Joseph O'Gorman (24 May 1863-1 August 1937) was an Irish-born comedian. He formed a popular and innovative double act in British music halls with Joe Tennyson, Tennyson and O'Gorman, in the 1880s and 1890s, before becoming a solo performer. He was also an organiser of theatrical artistes, and was the father of Joe and Dave O'Gorman, "The O'Gorman Brothers".

==Life and career==
He was born in Dublin, developed skills as a dancer and singer, and came to England in 1879. He formed a duo with Horace Wheatley, and then, from 1881, with Joseph Tennyson (born in Manchester, 12 July 1861-5 September 1926). As Tennyson and O'Gorman, they became one of the leading music hall acts in Britain, developing the idea of cross-talking. Earlier minstrel acts had used the idea of "Mr Interlocutor" bantering with the other performers, but Tennyson and O'Gorman had both performers at centre stage, Tennyson as the comic and O'Gorman as the foil.

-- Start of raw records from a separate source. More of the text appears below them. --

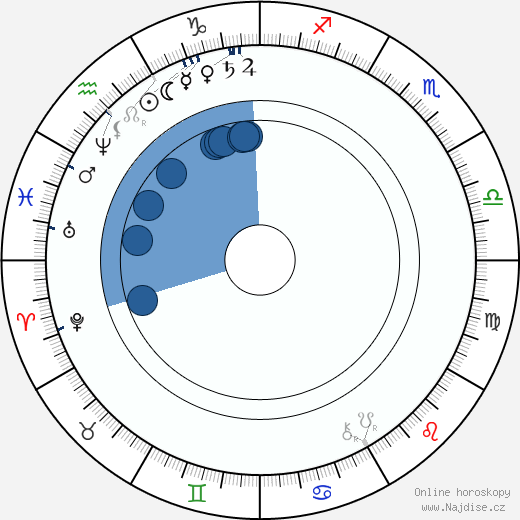 William James wikipedie, horoscope, astrology, instagram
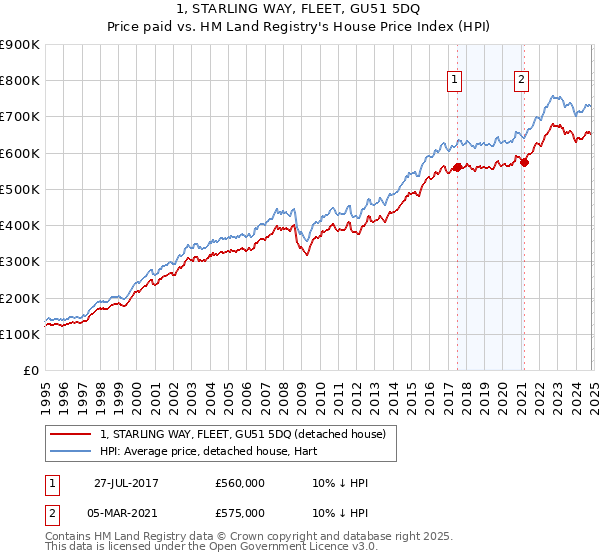 1, STARLING WAY, FLEET, GU51 5DQ: Price paid vs HM Land Registry's House Price Index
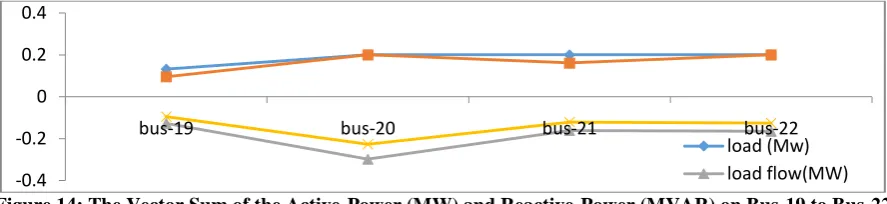 Figure 14: The Vector Sum of the Active-Power (MW) and Reactive-Power (MVAR) on Bus-19 to Bus-22   in 11KV Distribution Network of Woji Village  
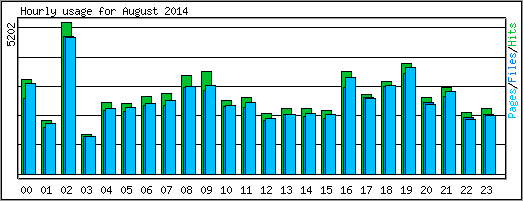 Hourly usage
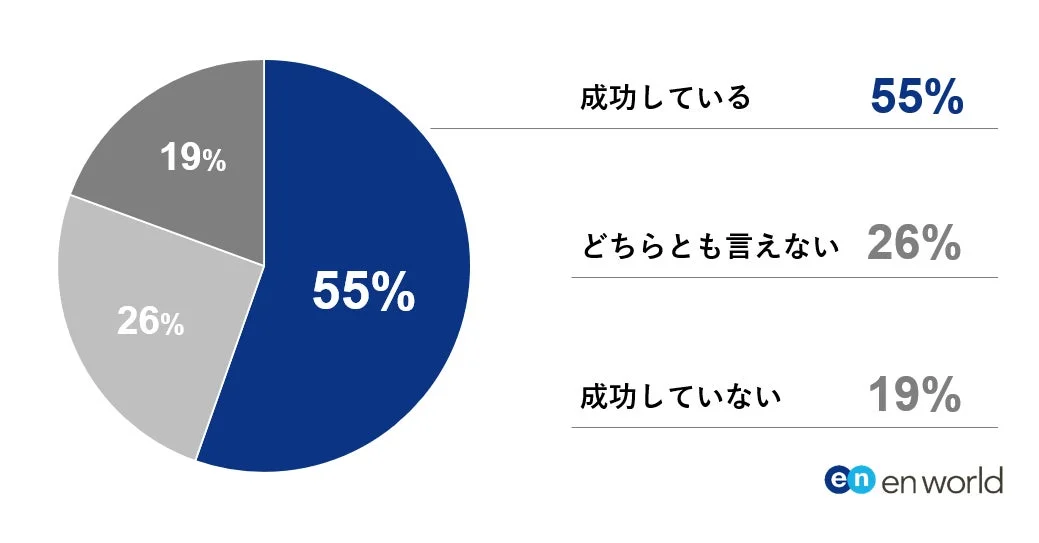 ご自身の現職への転職が総じて「成功」だと考えていますか？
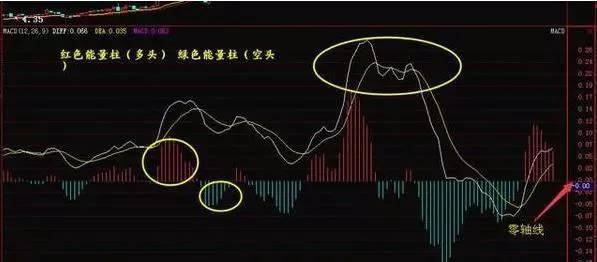 学会看MACD交叉及应用，金叉死叉买卖信号要知晓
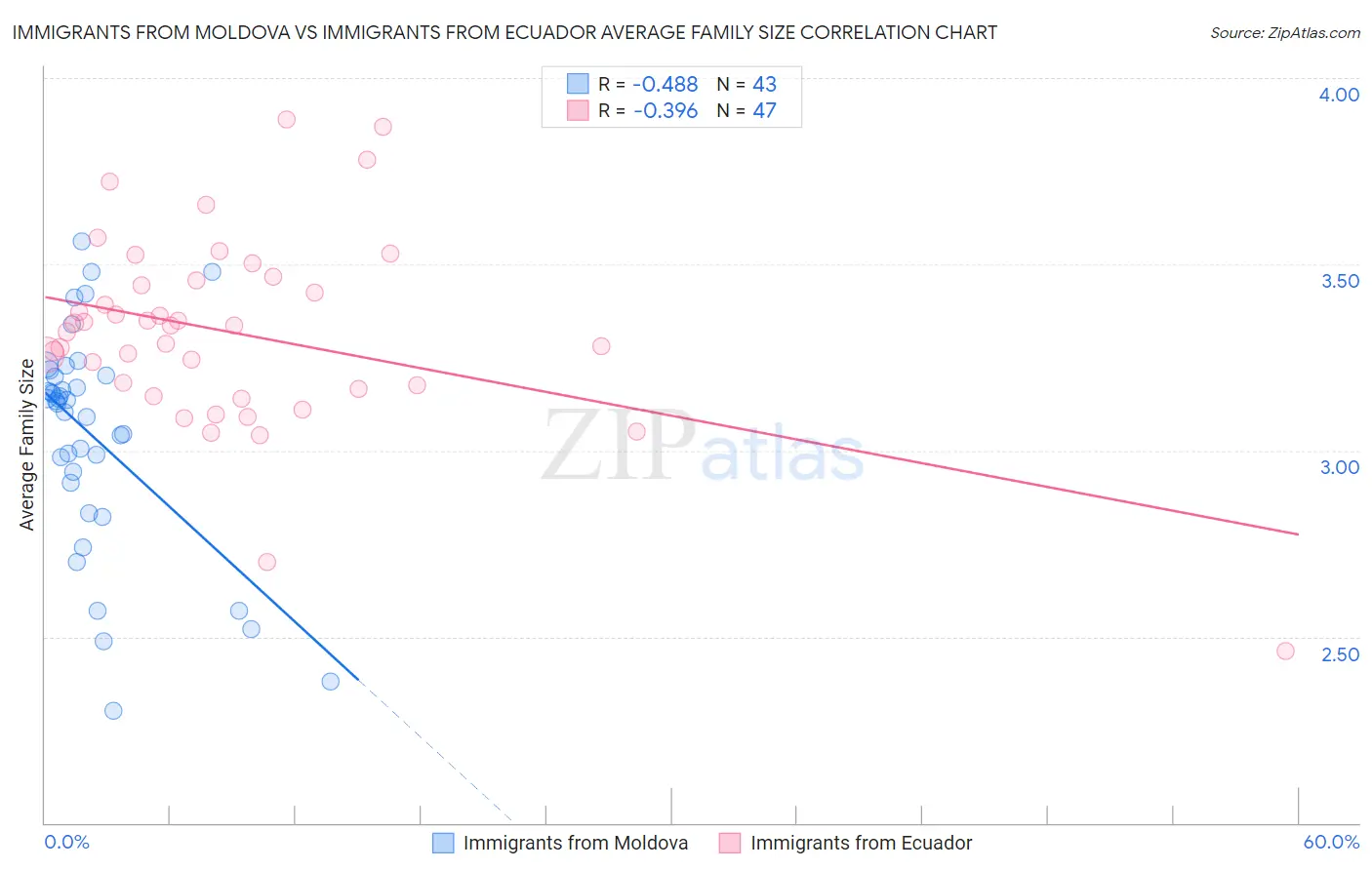 Immigrants from Moldova vs Immigrants from Ecuador Average Family Size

They wore top hats and frock coats and were often billed as "The Two Irish Gentlemen", countering the racist idea that the Irish were all roughly-dressed and ignorant. As well as performing comic sketches, they sang and danced as a duo, and were also known as "The Patter Propagators". Their most successful song, "The Wild Man of Poplar (A Very Pop'lar Ditty)", was a cumulative tale starting with "The Wild Man of Poplar has just come to town" and continuing through ten permutations ("the wife of the Wild Man.....", "the child of the wife of the Wild Man...", etc.). Tennyson and O'Gorman peaked in popularity in the early 1890s. They toured extensively, including several visits to the United States, Canada and Australia, before ending their partnership in 1901. Tennyson later performed in a double act with William Wallis, and from 1915 worked as a solo act.

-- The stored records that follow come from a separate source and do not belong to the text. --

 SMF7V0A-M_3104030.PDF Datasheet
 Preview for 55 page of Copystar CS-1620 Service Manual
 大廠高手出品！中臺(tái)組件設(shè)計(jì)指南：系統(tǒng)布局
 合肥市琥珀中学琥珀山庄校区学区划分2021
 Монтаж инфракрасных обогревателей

O'Gorman became a solo performer, and was also actively involved in the organisation of music hall performers. He was a founder member of the charitable organization, the Grand Order of Water Rats. He was elected King Rat in both 1898 and 1901, and was later Chief Booker of the Water Rats. With the growth of the music hall and theatre circuit in Britain, and the need to protect performers against undue exploitation by theatre agents and owners, O'Gorman was involved, with Wal Pink and others, in establishing the Variety Artistes' Federation, becoming the first chairman of the trade union. He led the performers in the Music Hall Strike of 1907, which resulted in important legal victories, but this in turn led to him finding work hard to get as agents and theatre owners turned against him. O'Gorman was also involved, with Joe Elvin, in setting up Brinsworth House in Twickenham, a care home for retired entertainers which opened in 1911.

In 1914, he teamed up again with Wal Pink and Harry Tate to form TOP Productions. Their first revue, Irish and Proud of it, was based around O'Gorman's performances as a comedian, dancer and singer. The show was a success, and was followed by others with a similar approach, As Irish as Ever and Shamrock Time. O'Gorman later retired as a performer, but made a comeback in 1933 with a Veterans' Variety Company.

He was married four times. He married Maggie Coleman in 1887; their two sons, Joe and David, later became a leading comic duo in variety shows as well as radio and films, peaking in popularity between the 1920s and 1940s. Joe and Maggie divorced in 1897; he alleged her misconduct with three named men, while she countered with claims of cruelty and misconduct. Joe then remarried, to Jessie Grace ( Prosser), a slack wire performer known as "The Beautiful Jessica"; she died in 1908. His third marriage, to Irma Berenyi, again ended in divorce, in 1912. In 1923, he married Lily Rose Stone, who outlived him.

Joe O'Gorman died in Barnes, Surrey in 1937, aged 74, and was buried in Putney Vale Cemetery. In 2014, the Music Hall Guild restored his grave.